A constatação do fracasso demasiadamente humano de Tio Vânia é o que mais inquieta o seu intérprete. "Tchecov mostra a essência de coisas com as quais não queremos conviver. Ele pede a minha dor, meu olhar para o próximo", afirma o ator.
Para Bloch, atriz associada quase instantaneamente à comédia, o russo lhe exige um exercício denso e mais voltado ao drama.
"Gosto de fazer comédia, mas, até por isso, quis fazer um Tchecov, não seria interessante fazer uma comédia agora. Tenho um lado mais reflexivo, que talvez não apareça tanto."
Ela conta que a idéia de encenar Anton Tchecov com Diogo Vilela partiu de um encontro fortuito, num avião. "A gente se encontrou numa conexão de vôos. Na época, eu estava pensando em fazer um grande texto. Houve essa coincidência, disse a ele as minhas intenções, e duas semanas depois ele me sugeriu "Tio Vânia"."
Débora Bloch chegou a cogitar a sua participação numa outra montagem do texto, cinco anos atrás, mas estava grávida e foi impossível encampá-la. E a realização do espetáculo, aliás, também acabou não acontecendo.
Apesar de terem contracenado em programas televisivos e integrado uma mesma peça, formada por monólogos, os dois atores e produtores, até a iniciativa presente, nunca haviam ocupado a cena teatral juntos.

Vivacidade
Freire-Filho define como um dos pontos basais da direção a possibilidade de auxiliar os atores na compreensão do jogo proposto pelo dramaturgo.
"É o que me desafia. É possível não perder essa riqueza de personagens, de personagens que não dialogam, mas monologam?"
Para ele, o texto aborda questões que ainda mantêm atualidade: a ecologia -uma das personagens defende a causa- e menções à especulação imobiliária.
Entediadas, perplexas, presas a um fim de era em que parece haver a intuição de que algo está por vir (20 anos depois aconteceria a Revolução Russa), as criaturas tchecovianas são muitas vezes vertidas para o palco em versões que enfatizam pausas hieráticas e atmosferas penumbrosas.
"Tentei passar por cima do pó da tradição.
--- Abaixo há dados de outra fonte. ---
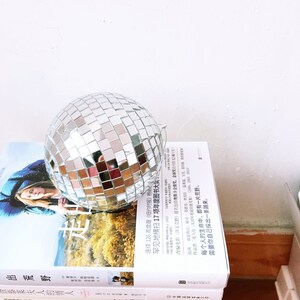 May include: A silver disco ball sits on top of a stack of books. The books are in Chinese and English. The text on the books reads "Out of the Wilderness" and "Lady Chatterley's Lover".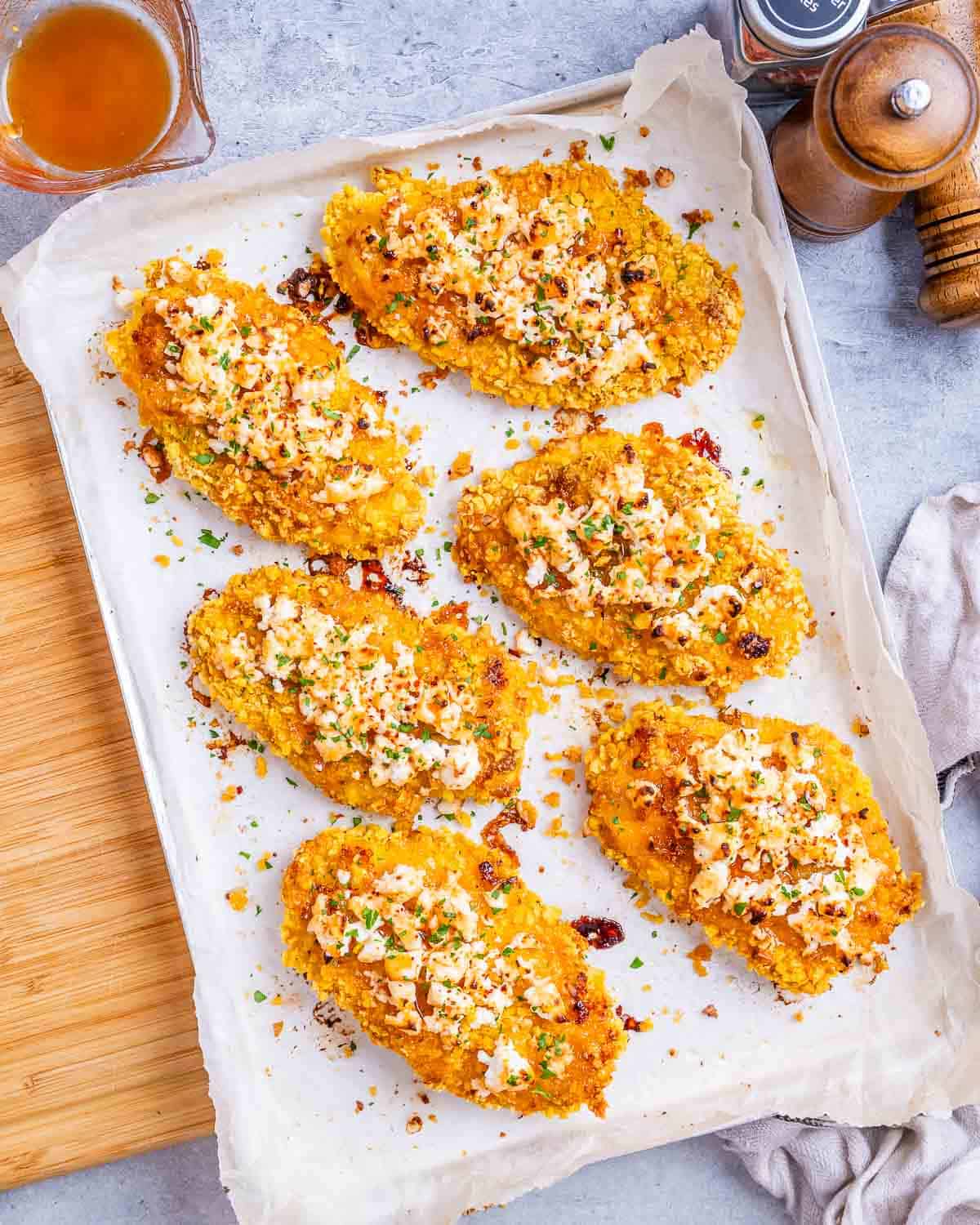 Overhead view of multiple completed chicken cutlets on parchment, topped with feta, hot honey glaze, and scattered chopped green herbs.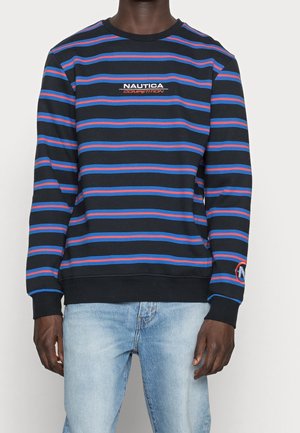 Mand iført sort crewneck sweater med blå og røde vandrette striber og "Nautica Competition" logo, kombineret med lyseblå jeans.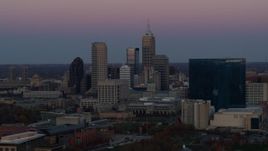 5.7K aerial stock footage flying by the city's skyline and a hotel at sunset in Downtown Indianapolis, Indiana Aerial Stock Footage | DX0001_002948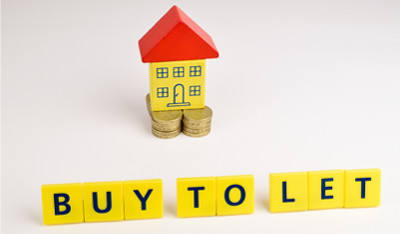 Image of a model house sitting on some coins with the words “Buy to let” in front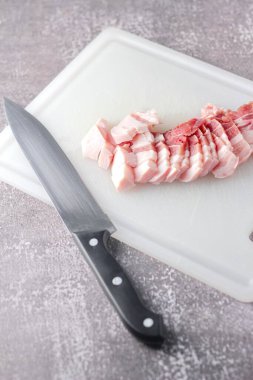 Seri domuz eti mutfakta beyaz bir doğrama tahtasıyla dilimlenir. Domuzu çiğ olarak kes.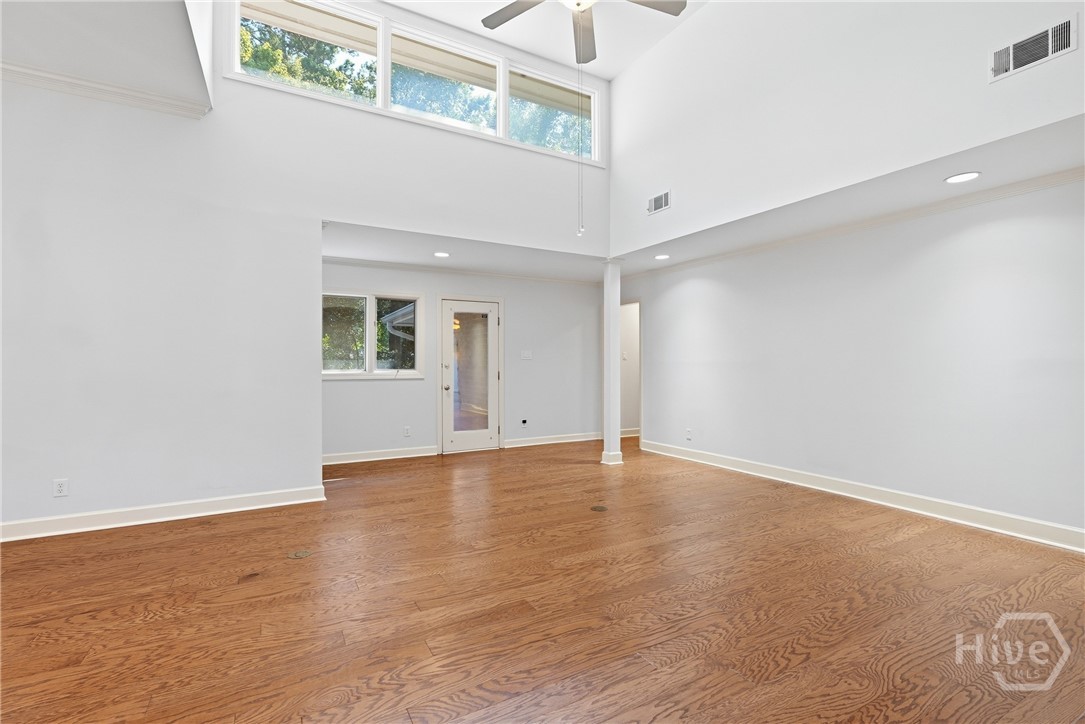 The living room has direct access to the side yard, where you will find mature, fruit bearing orange trees!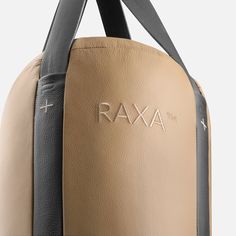 a tan and black bag with the word raxa printed on it's side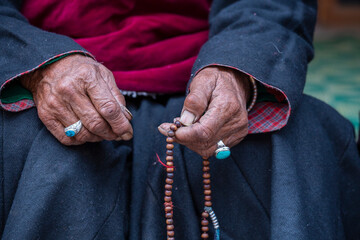 Old Tibetan woman holding buddhist rosary in Hemis monastery, Ladakh, India. Hand and rosary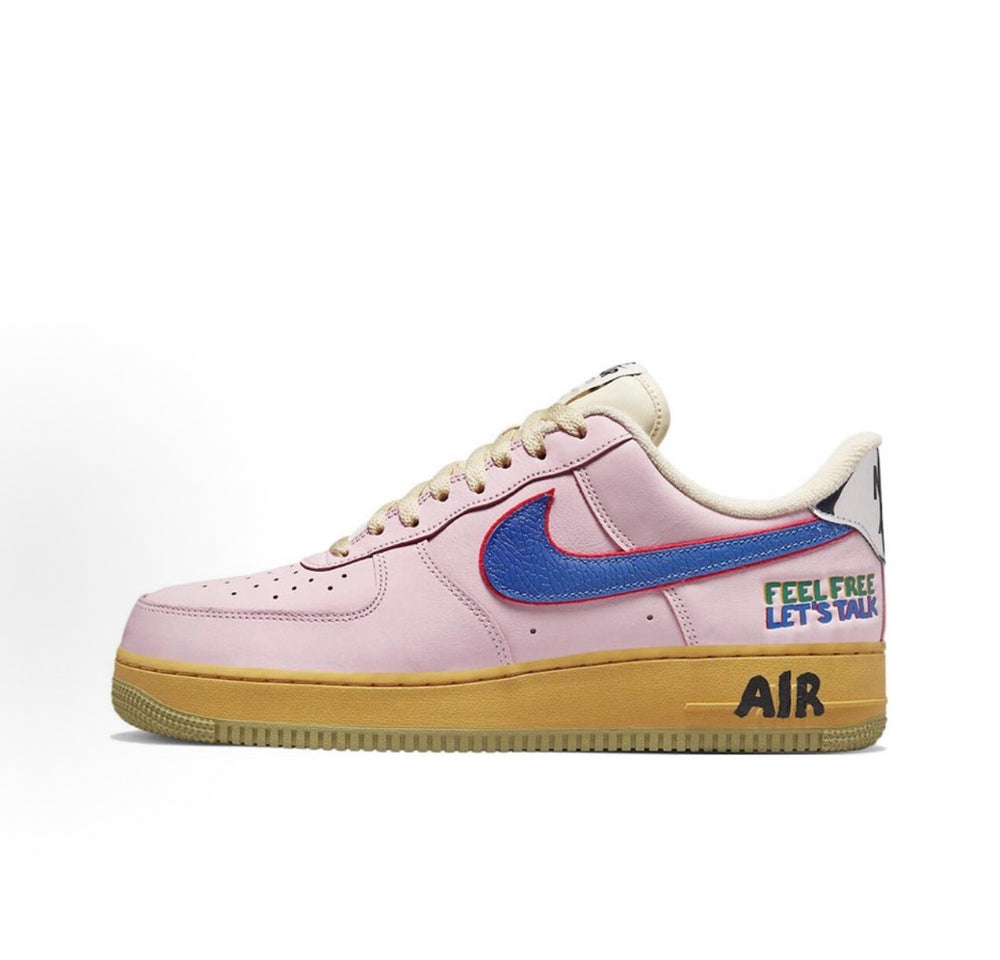 Low-top sneakers with light pink leather, blue swoosh, yellow gum sole, side text graphic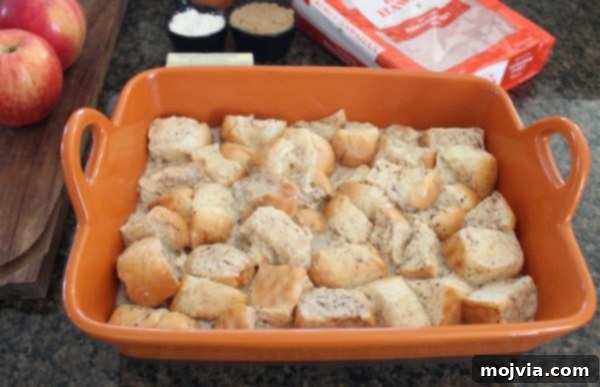 unbaked bread pudding in orange baking dish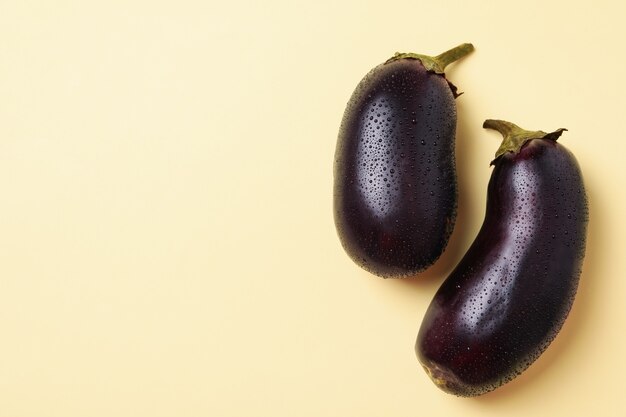 Fresh raw eggplants with water drops on beige 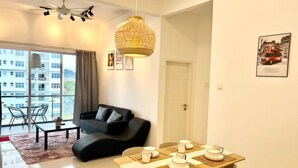 A modern living room with a black sofa, a dining table set with white plates and cups, a large window with a view of buildings, and a ceiling fan. - Puchong SkyPod Residence 1-10pax next to IOI Mall Wi-Fi MRT (Puchong)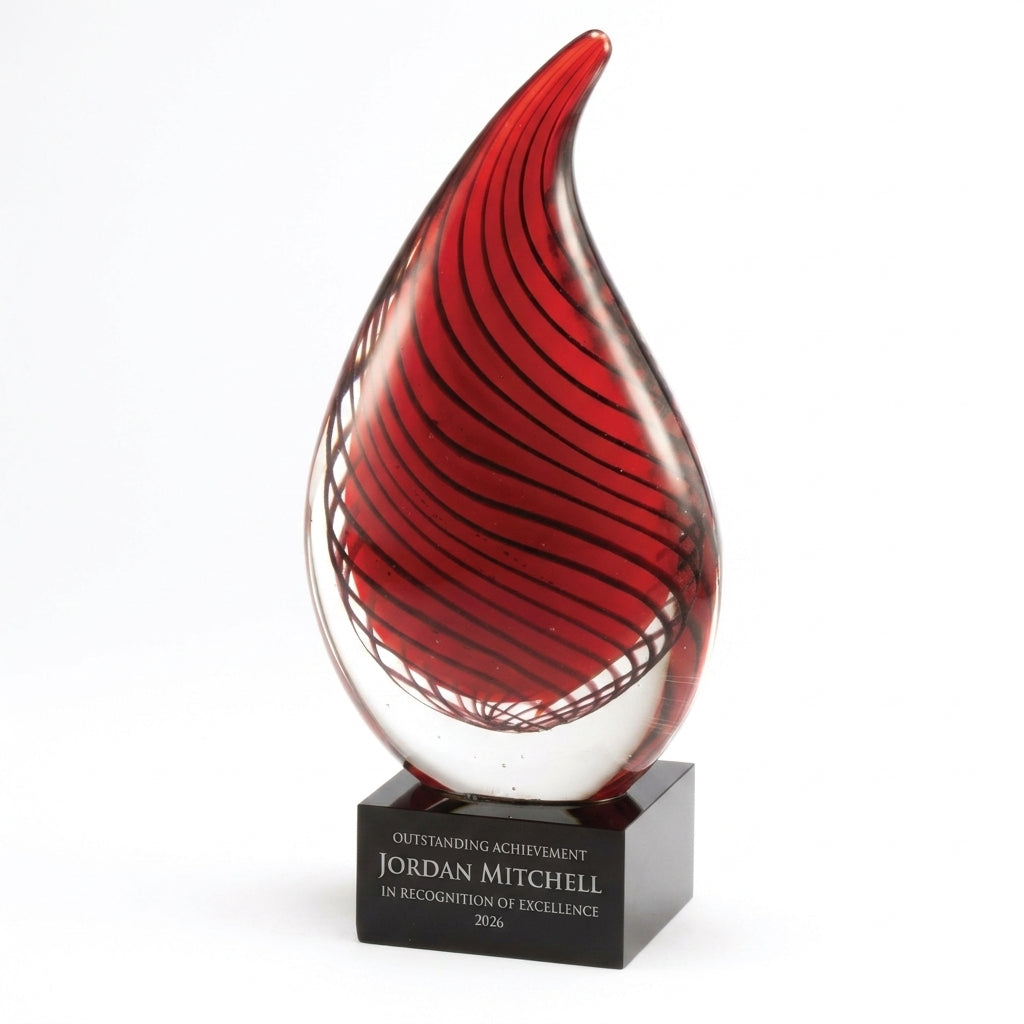 Personalized Red art glass award, custom laser engraved recognition award on a clean white studio background
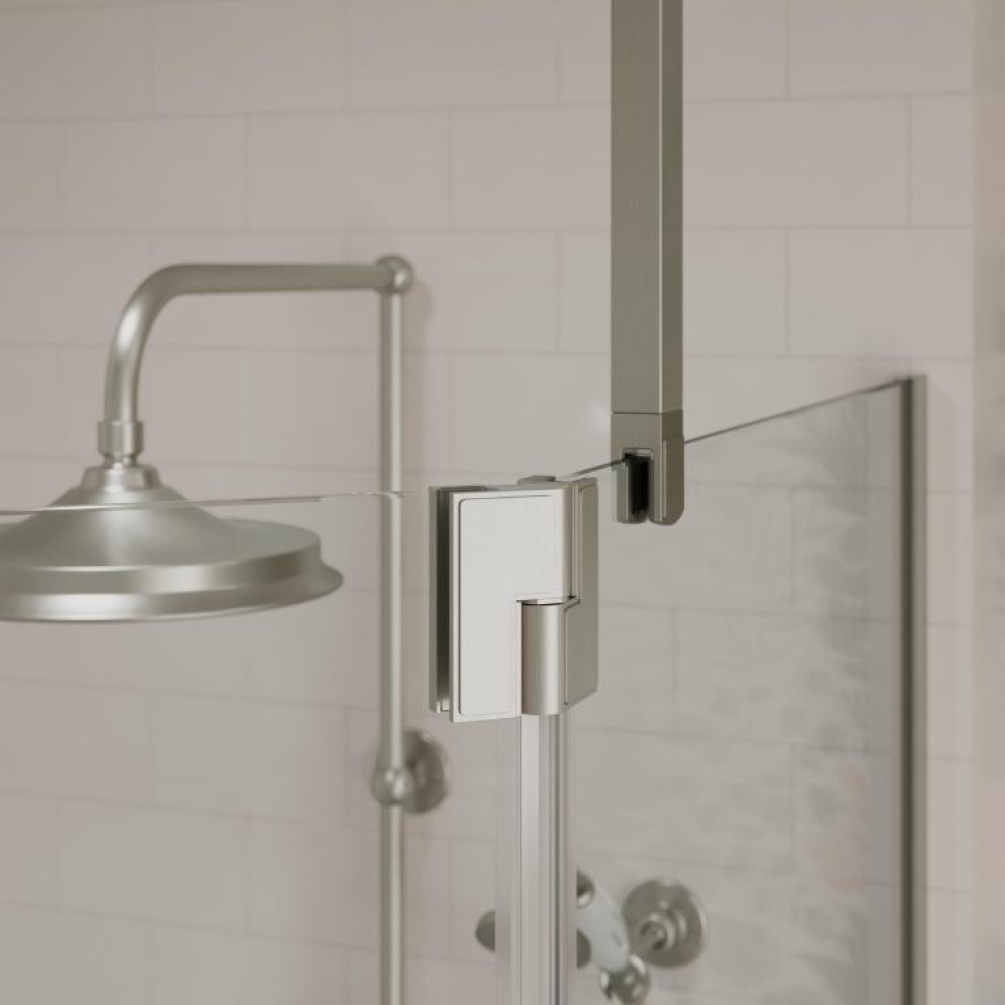 Close up product lifestyle image of the Burlington Brushed Nickel Glass to Ceiling Bracing Bar supporting a single pane of glass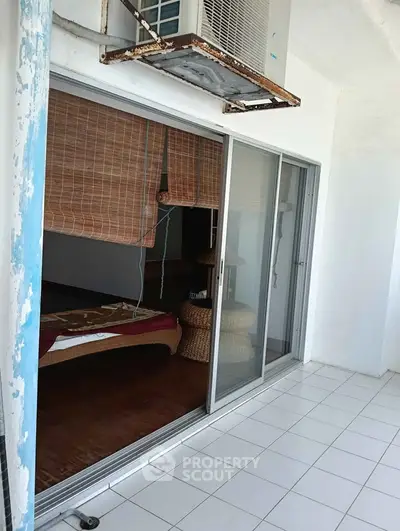 Spacious balcony with sliding glass doors and tiled flooring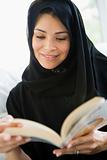 A middle eastern woman reading a book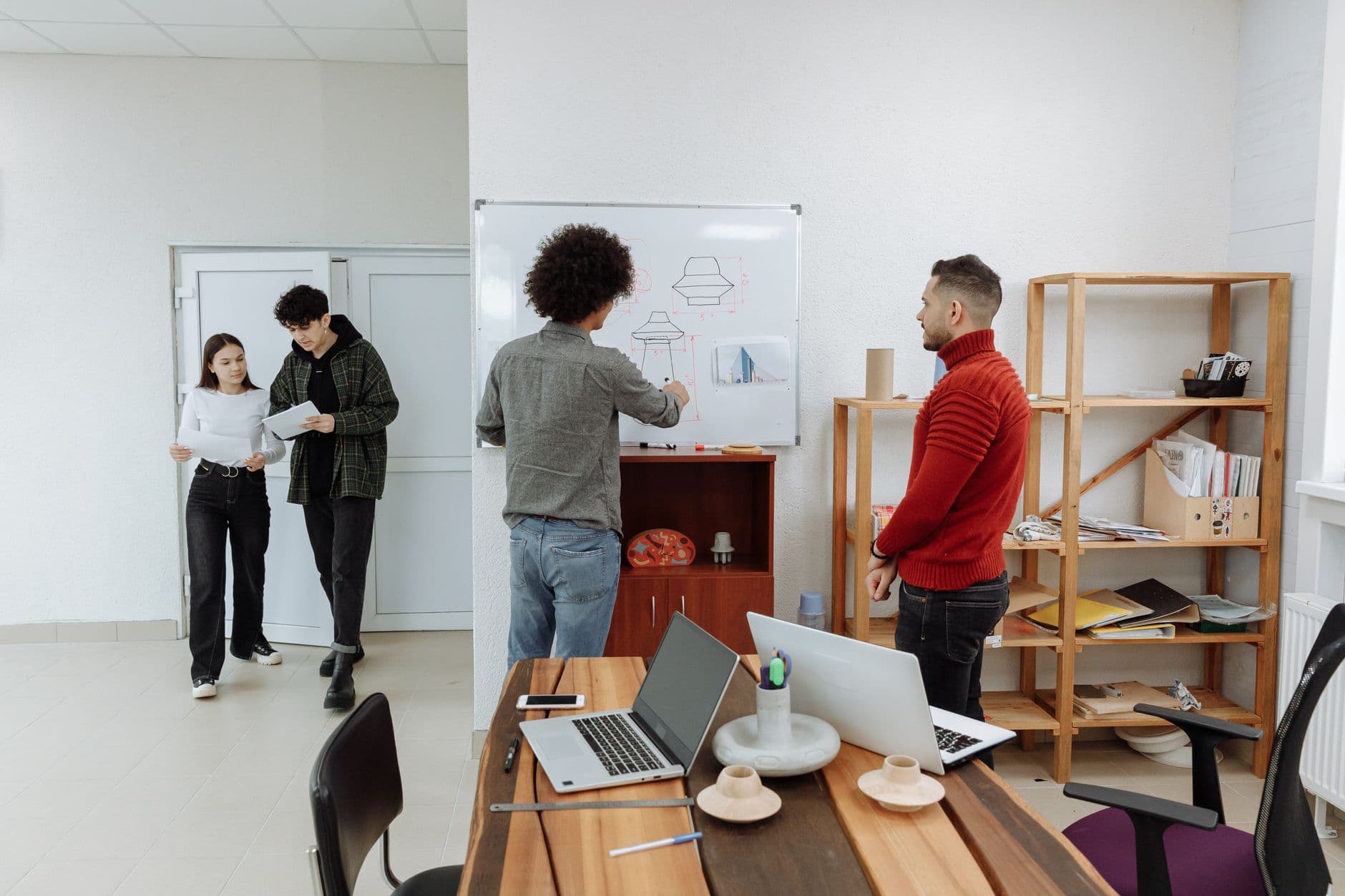 Website & Hosting for Startups — Diverse team collaborating in a modern office, discussing ideas with laptops and a whiteboard.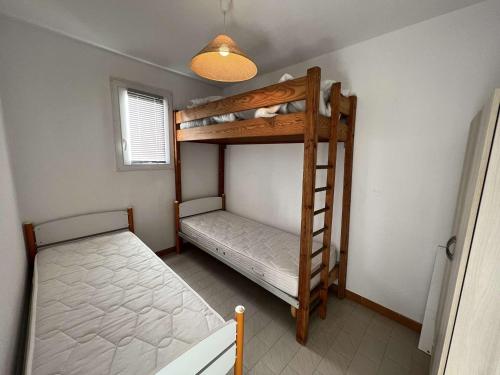 um quarto com 2 beliches e uma escada em Appartement Valras-Plage, 2 pièces, 4 personnes - FR-1-701-28 em Valras-Plage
Tchecov dizia escrever comédias. Busquei referências russas, o que vejo nos russos é que há sangue quente, não francês. O vigor, esse temperamento nós, brasileiros, entendemos. Fiz isso para romper com um certo tom grave, que soa às vezes literário."
"Tio Vânia" tem cenário de Daniela Thomas, figurinos de Marcelo Pies e iluminação de Maneco Quinderé. Millôr Fernandes traduziu a obra.

TIO VÂNIA. Texto: Anton Tchecov. Direção: Aderbal Freire-Filho. Com: Diogo Vilela, Débora Bloch, Luciano Chirolli, Bel Kutner, Suzana Faini, Alby Ramos, Rogério Fróes e Ida Gomes. Onde: teatro Faap (r . Alagoas, 903, SP, tel. 0/xx/11/3662-7233). Quando: estréia amanhã, às 21h; sex. e sáb., às 21h, e dom., às 18h; até 28/9. 130 min. Quanto: R$ 40 (sex.), R$ 45 (dom.) e R$ 50 (sáb.). Patrocinador: Embratel.